← ra312.github.io

Compressing Long Contexts
with Log-Signatures

Can a century-old idea from stochastic analysis — the path signature — solve the O(n²) attention bottleneck? A concrete proposal with working JAX code.

The Problem

Standard self-attention computes pairwise interactions between every token and every other token. That is O(n²) in sequence length. At 1 million tokens, full attention is simply infeasible. The usual responses — sparse attention, linear attention, sliding windows, state-space models — all approximate or restrict which tokens can interact.

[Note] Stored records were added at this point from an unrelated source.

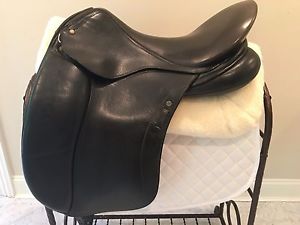 SCHLEESE 18 WAVE DRESSAGE SADDLE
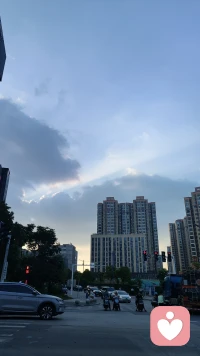 抬头看看天，会发现所有的一切都是那么不值得一提。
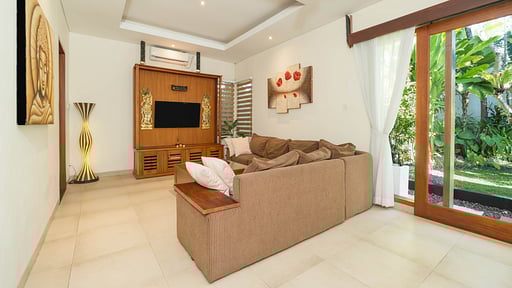 Villa Seriska Dua Sanur Living room 1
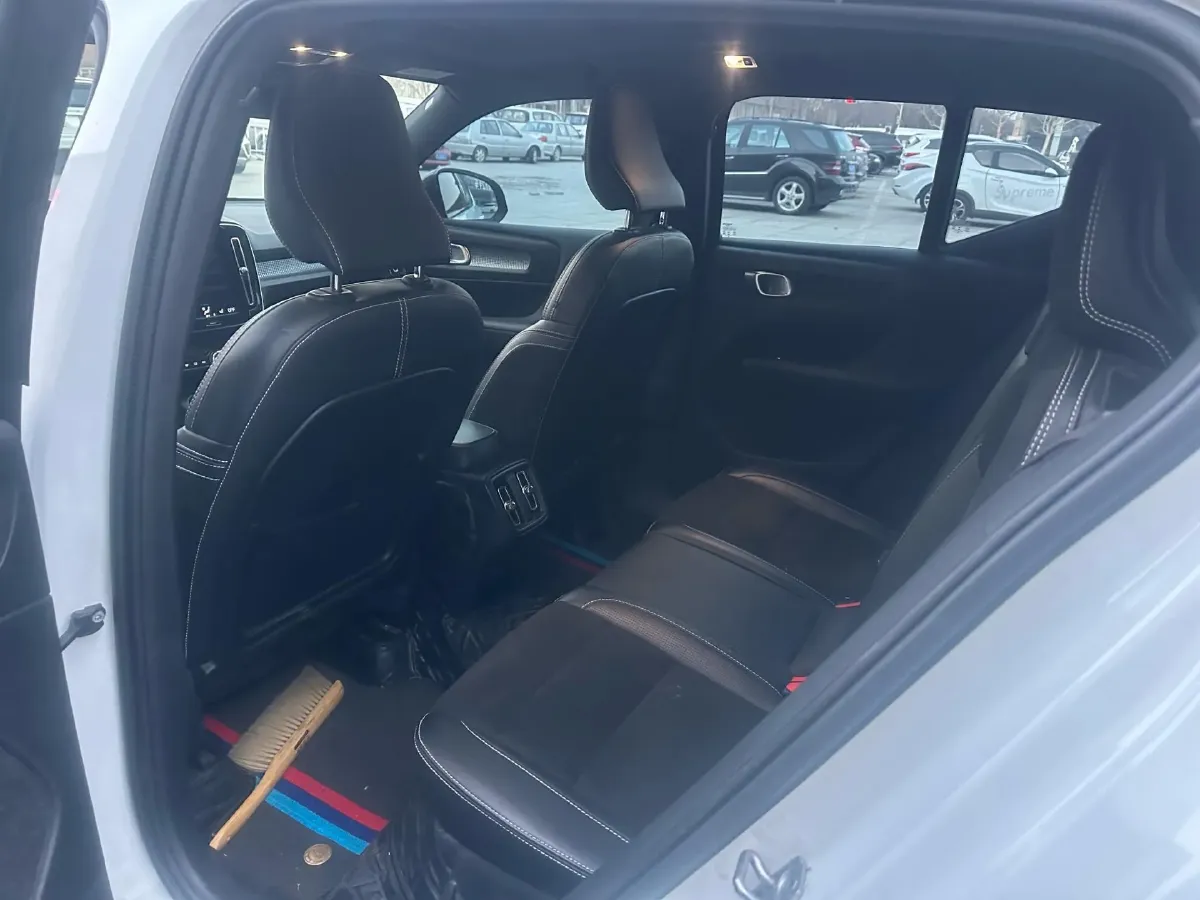 2021 Volvo XC40 2.0T 190HP L4 8AT,autocango,china used car exporter,china ev exporter,chinese used car exporter,chinese used ev exporter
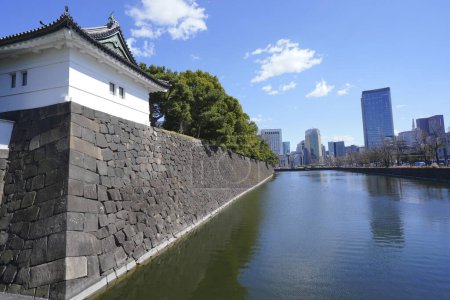 Téléchargez les photos : Porte Sakurada-mon dans le fossé intérieur du palais impérial de Tokyo, Tokyo, Japon - en image libre de droit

I want to ask a different question. Instead of "which token pairs should interact?", ask: "what is the geometric summary of the path that tokens trace through embedding space?" That summary — the log-signature — is a fixed-size object, independent of sequence length. Attention over summaries instead of raw tokens breaks the O(n²) barrier.

What Is a Log-Signature?

Treat the sequence of token embeddings X₀, X₁, …, Xₙ ∈ ℝd as a piecewise-linear path in ℝd. The signature of this path is an infinite series of iterated integrals that encodes its shape completely — including the order in which dimensions are traversed. The log-signature is its logarithm in the tensor algebra: it lives in the free Lie algebra over ℝd and is strictly more compact.

Key property
The truncated log-signature at depth k is a vector of fixed size NLie(d, k) — independent of sequence length n. For d = 512, k = 2: size = 512 + 512·511/2 ≈ 131K, far smaller than the raw sequence. For k = 1: just 512. Depth controls the expressiveness/cost tradeoff.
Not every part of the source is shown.